In the last week, I had a few bad days with Sharepoint Incremental crawl. Would Like to share the problem and reason of the problem with you all.
We have a Sharepoint application, which contains a huge amount of data. The main functionality of the application is to search the data, with the help of the custom search page. The availability of data is very important and it’s a must that data added, updated should be available must be available within 2 minutes of update.
So we provided the client with a way to start the Sharepoint Incremental crawl. I had earlier published an article on the topic. You can read it here. Starting an incremental crawl in Share point programmatically.
Incremental crawl would normally take 1 minutes, because normally it would find only one document updated. But after we had implemented this in the application and saw it working great for 10 days (at least). We found another problem with Sharepoint. The incremental crawl was running fine, but sometimes (out of blue) the Incremental crawl would take about 7 hours. During this crawl no document would be indexed (we checked the crawl log for that). But after 7 hours or so, the crawl would complete and after that the incremental crawl would work as we expect it to work.

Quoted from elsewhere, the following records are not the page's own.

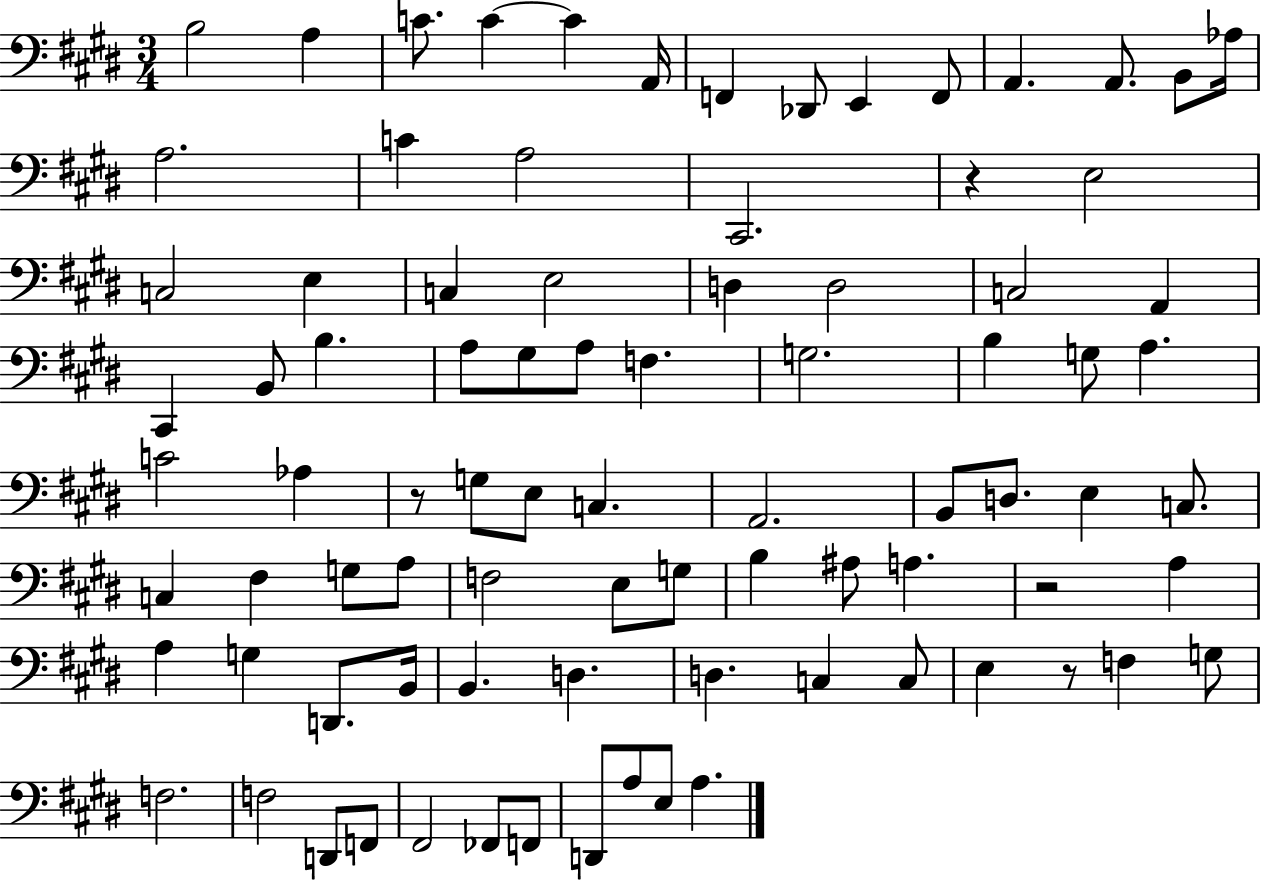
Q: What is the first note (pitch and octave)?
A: B3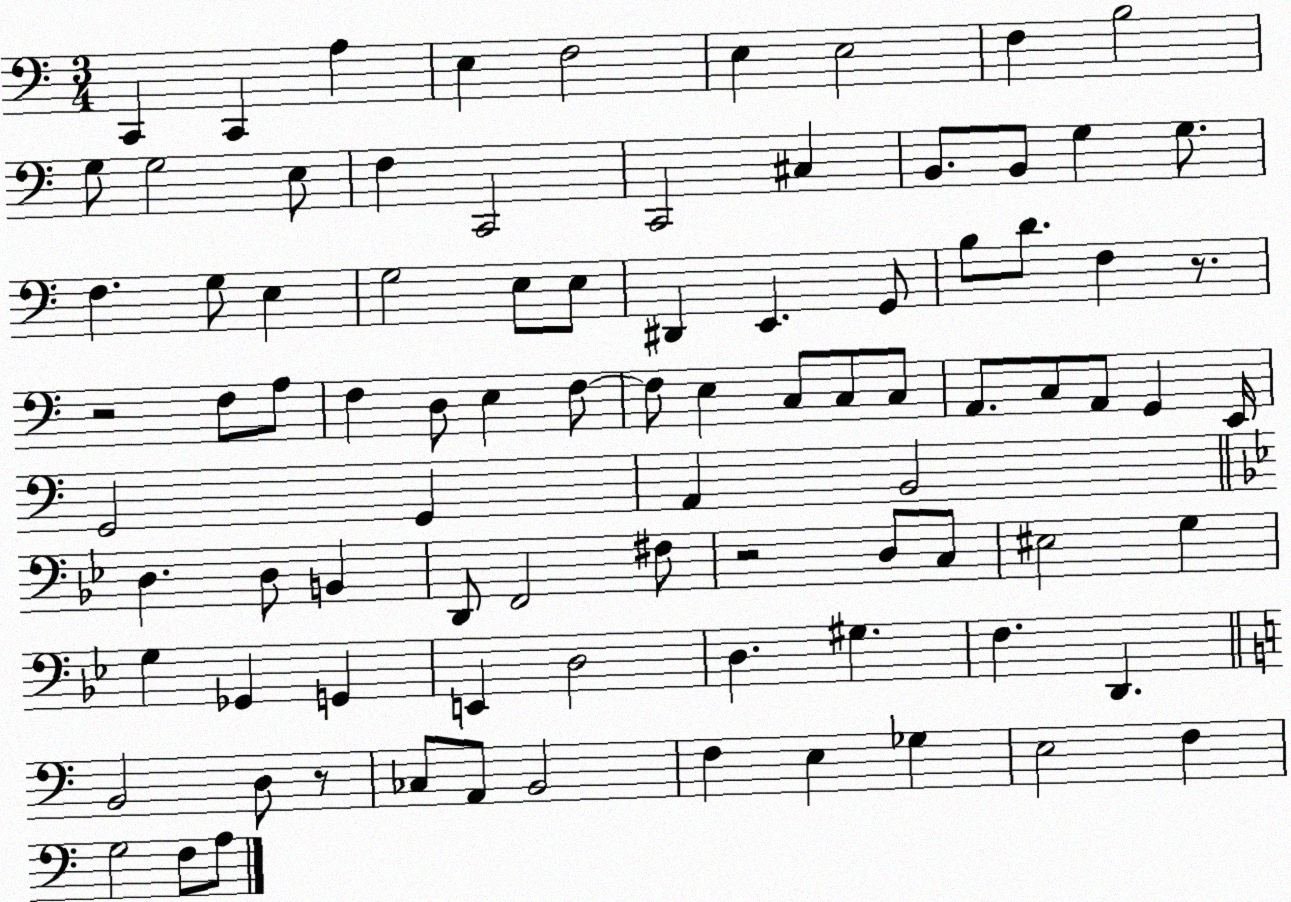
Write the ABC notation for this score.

X:1
T:Untitled
M:3/4
L:1/4
K:C
C,, C,, A, E, F,2 E, E,2 F, B,2 G,/2 G,2 E,/2 F, C,,2 C,,2 ^C, B,,/2 B,,/2 G, G,/2 F, G,/2 E, G,2 E,/2 E,/2 ^D,, E,, G,,/2 B,/2 D/2 F, z/2 z2 F,/2 A,/2 F, D,/2 E, F,/2 F,/2 E, C,/2 C,/2 C,/2 A,,/2 C,/2 A,,/2 G,, E,,/4 G,,2 G,, A,, B,,2 D, D,/2 B,, D,,/2 F,,2 ^F,/2 z2 D,/2 C,/2 ^E,2 G, G, _G,, G,, E,, D,2 D, ^G, F, D,, B,,2 D,/2 z/2 _C,/2 A,,/2 B,,2 F, E, _G, E,2 F, G,2 F,/2 A,/2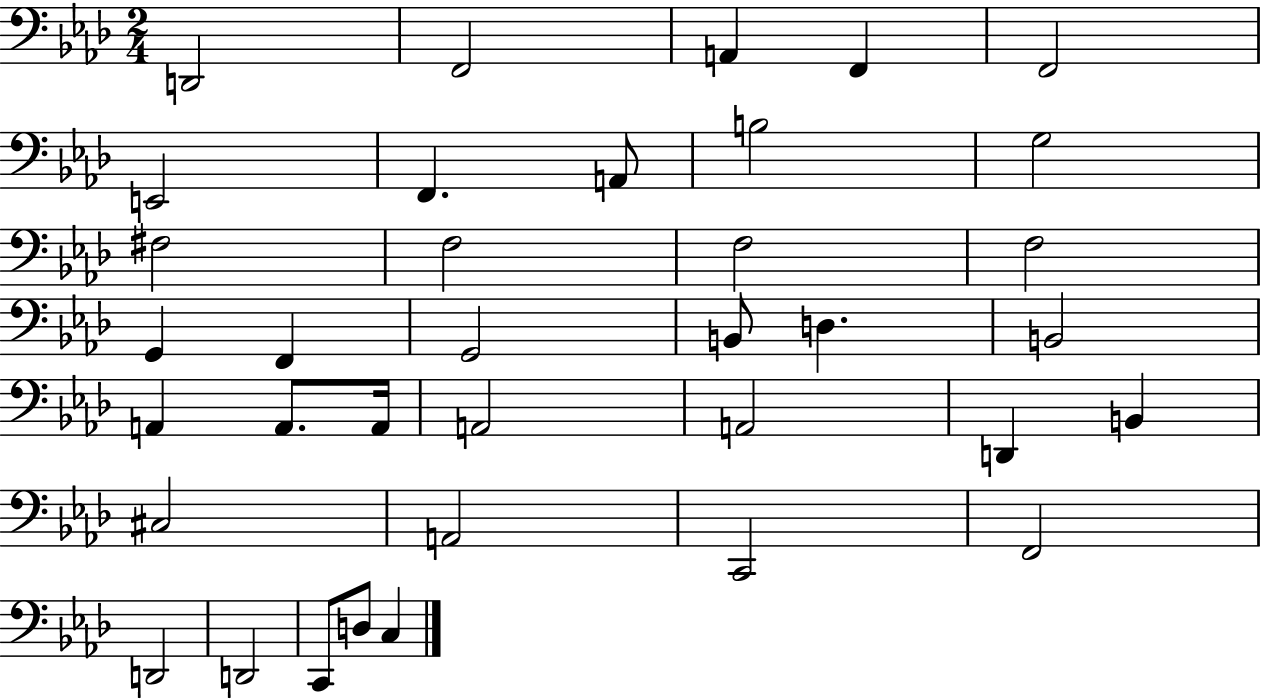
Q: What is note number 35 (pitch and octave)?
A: D3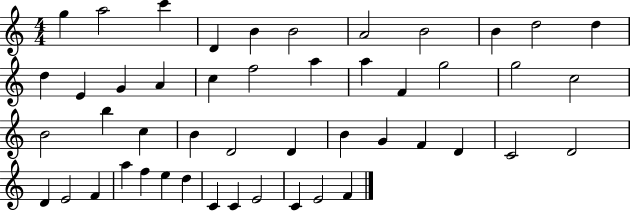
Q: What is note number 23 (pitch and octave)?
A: C5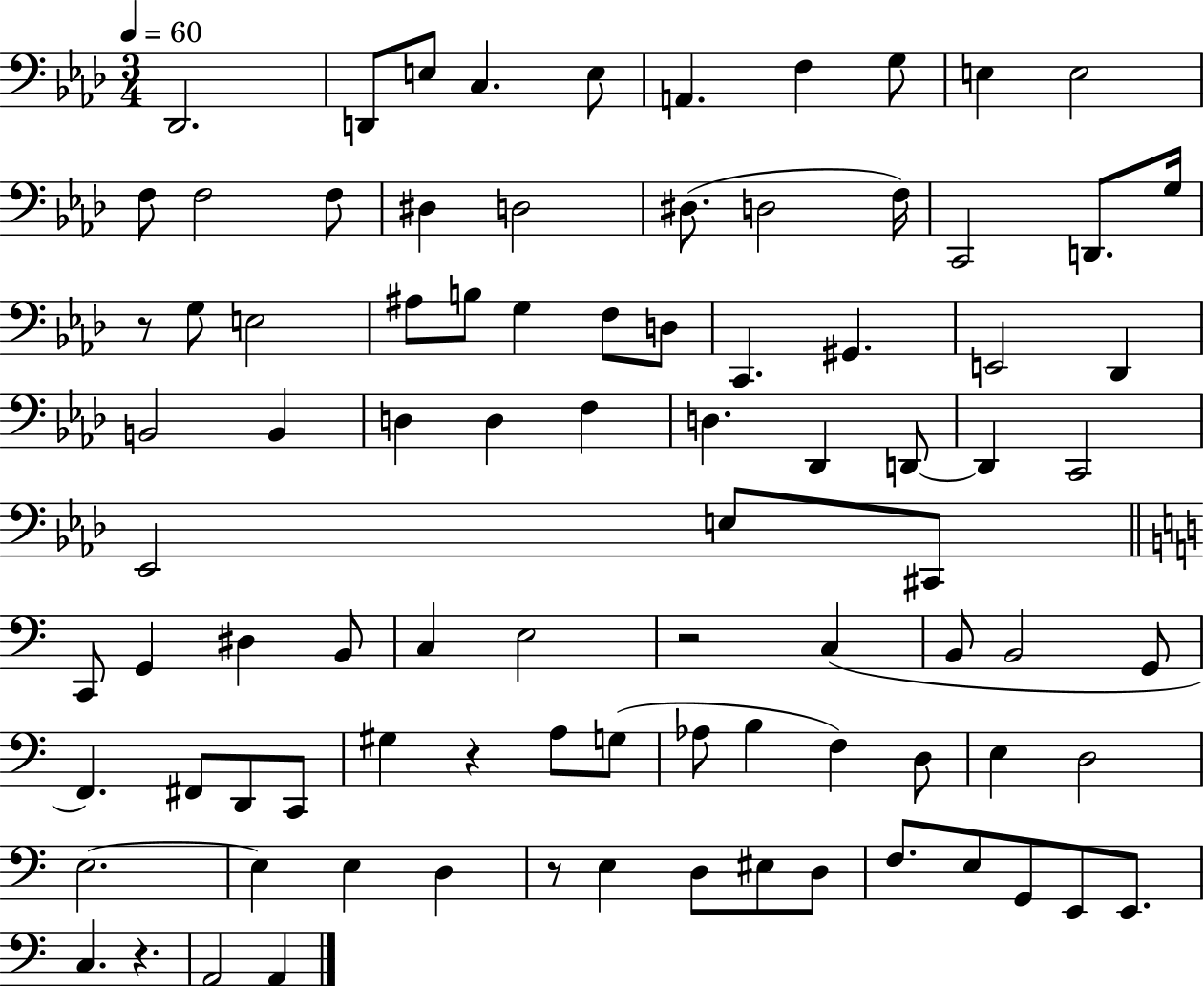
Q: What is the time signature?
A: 3/4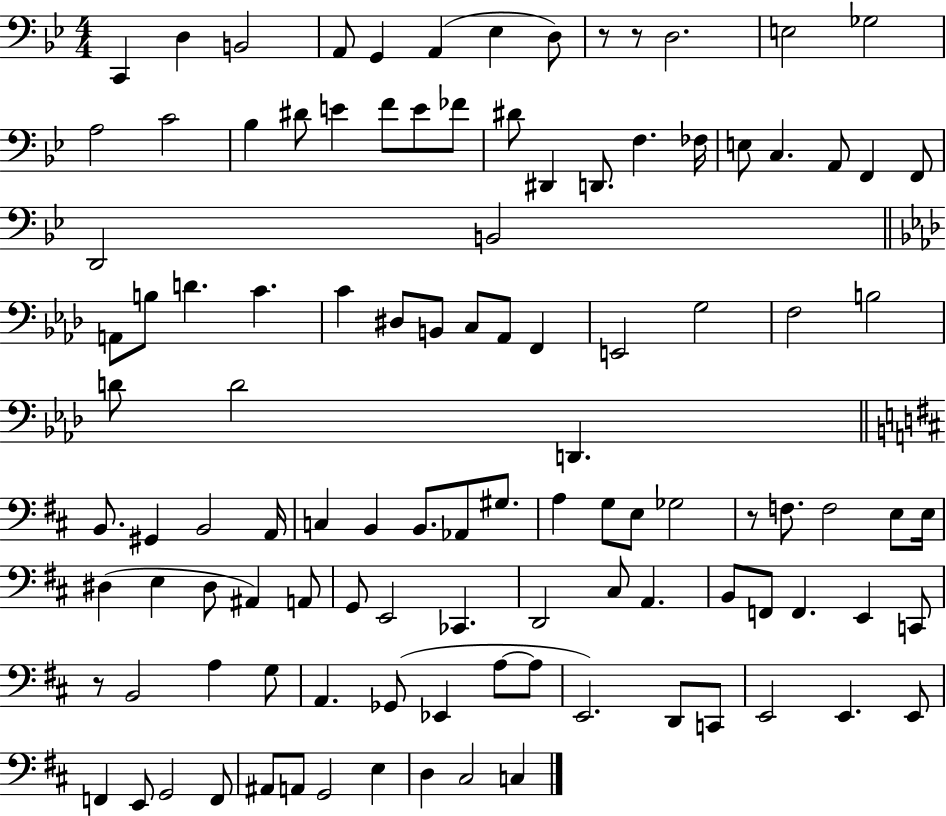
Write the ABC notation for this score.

X:1
T:Untitled
M:4/4
L:1/4
K:Bb
C,, D, B,,2 A,,/2 G,, A,, _E, D,/2 z/2 z/2 D,2 E,2 _G,2 A,2 C2 _B, ^D/2 E F/2 E/2 _F/2 ^D/2 ^D,, D,,/2 F, _F,/4 E,/2 C, A,,/2 F,, F,,/2 D,,2 B,,2 A,,/2 B,/2 D C C ^D,/2 B,,/2 C,/2 _A,,/2 F,, E,,2 G,2 F,2 B,2 D/2 D2 D,, B,,/2 ^G,, B,,2 A,,/4 C, B,, B,,/2 _A,,/2 ^G,/2 A, G,/2 E,/2 _G,2 z/2 F,/2 F,2 E,/2 E,/4 ^D, E, ^D,/2 ^A,, A,,/2 G,,/2 E,,2 _C,, D,,2 ^C,/2 A,, B,,/2 F,,/2 F,, E,, C,,/2 z/2 B,,2 A, G,/2 A,, _G,,/2 _E,, A,/2 A,/2 E,,2 D,,/2 C,,/2 E,,2 E,, E,,/2 F,, E,,/2 G,,2 F,,/2 ^A,,/2 A,,/2 G,,2 E, D, ^C,2 C,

Also this happened only in the production environment (twice), but was not replicated in the test environment.
Later after a few testing we found that this long/delayed Incremental crawl was taking place only when we were adding/removing users form the site. After we add or remove a user from the site, the next incremental crawl would normally take a very long time. In-fact with experiment we could reproduce the issue in the test and dev environment also.
After doing some more research we found that this happened because after a user is added or removed from the Sharepoint web application, the next incremental crawl for Sharepoint would be security only crawl. When incremental crawl starts, these security changes, “Updated ACL’s”, must be pushed down to all affected items within the index. Hence this incremental crawl takes a very very long time (depending on the size of index).
So if you are having the same problem with incremental crawl, the only simple solution/ problem remover that I know of know is to see to it that users are added/ removed at a time after which incremental crawl taking long time does not affect the system very much.